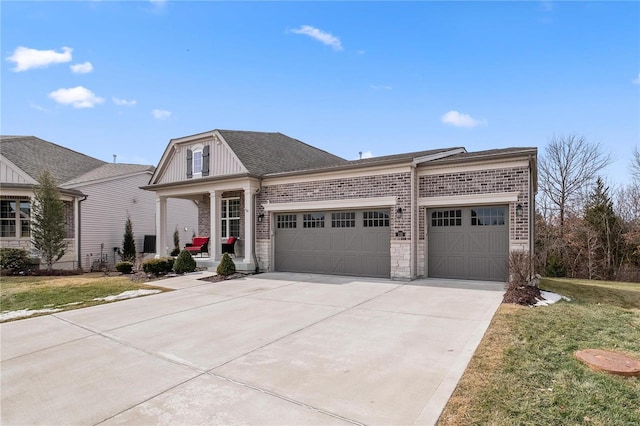 view of front of house with brick siding, a porch, an attached garage, driveway, and a front lawn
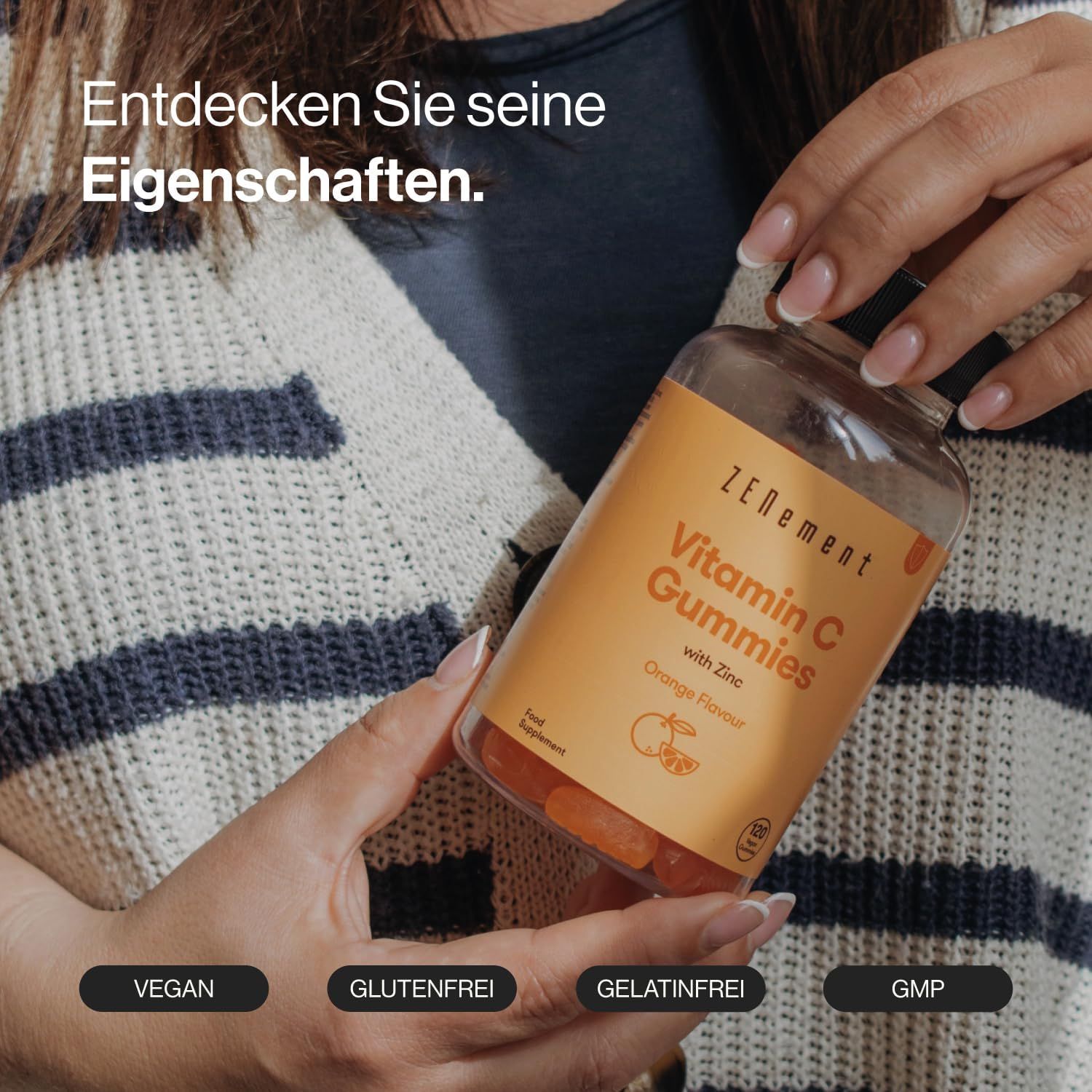 Donna che tiene in mano un flacone di caramelle gommose Zenement Vitamina C. Testo: Vitamin C Gummies with Zinc, Orange Flavor. Vegano, senza glutine, senza gelatina, GMP.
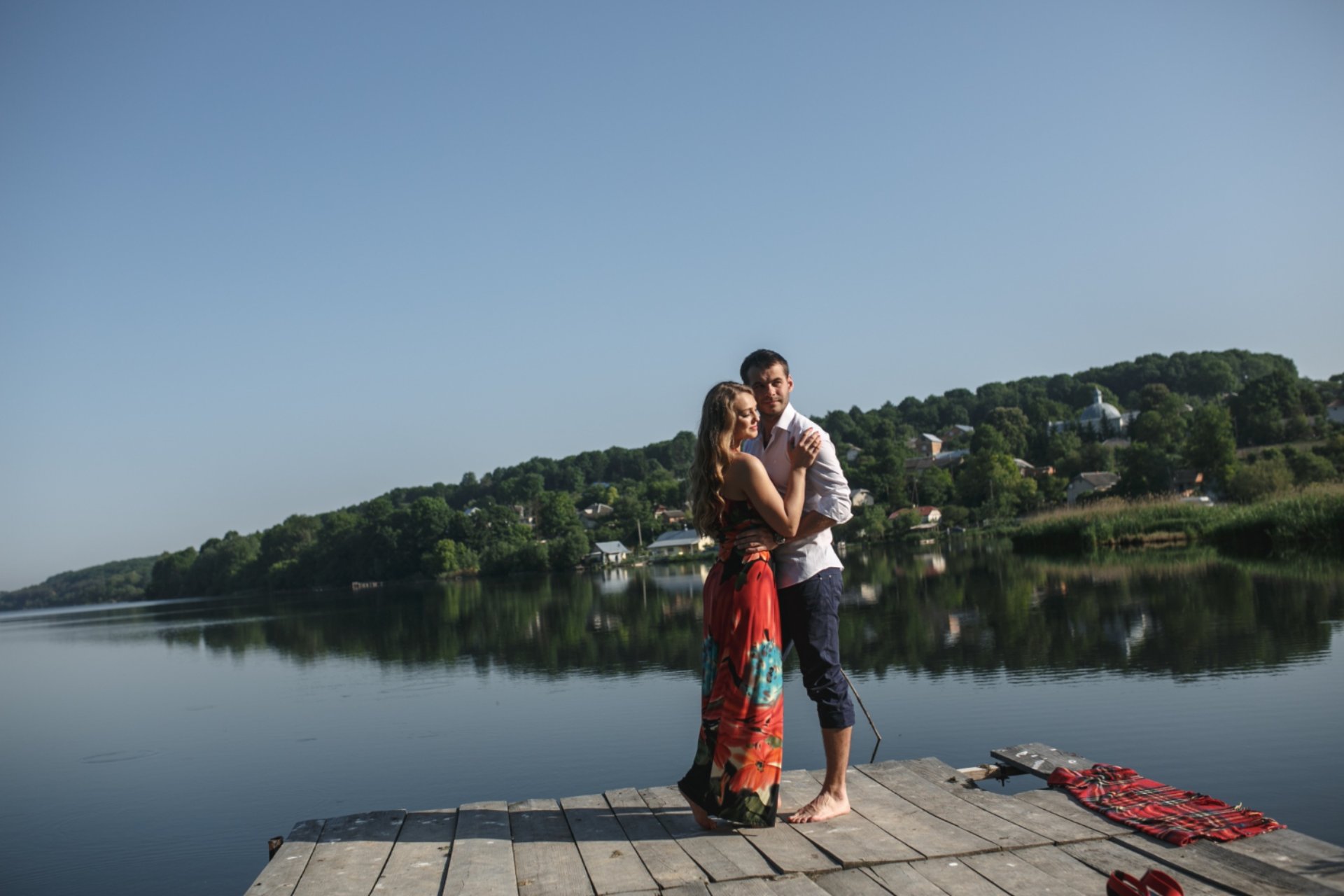 Couple embracing by a peaceful lakeside in Vietnam — best honeymoon destination to visit in June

————

Your goal: Take every line of the material and copy it exactly, leaving out the pictures.

Finished task:
 view of front of house with brick siding, a porch, an attached garage, driveway, and a front lawn
 Donna che tiene in mano un flacone di caramelle gommose Zenement Vitamina C. Testo: Vitamin C Gummies with Zinc, Orange Flavor. Vegano, senza glutine, senza gelatina, GMP.
 Couple embracing by a peaceful lakeside in Vietnam — best honeymoon destination to visit in June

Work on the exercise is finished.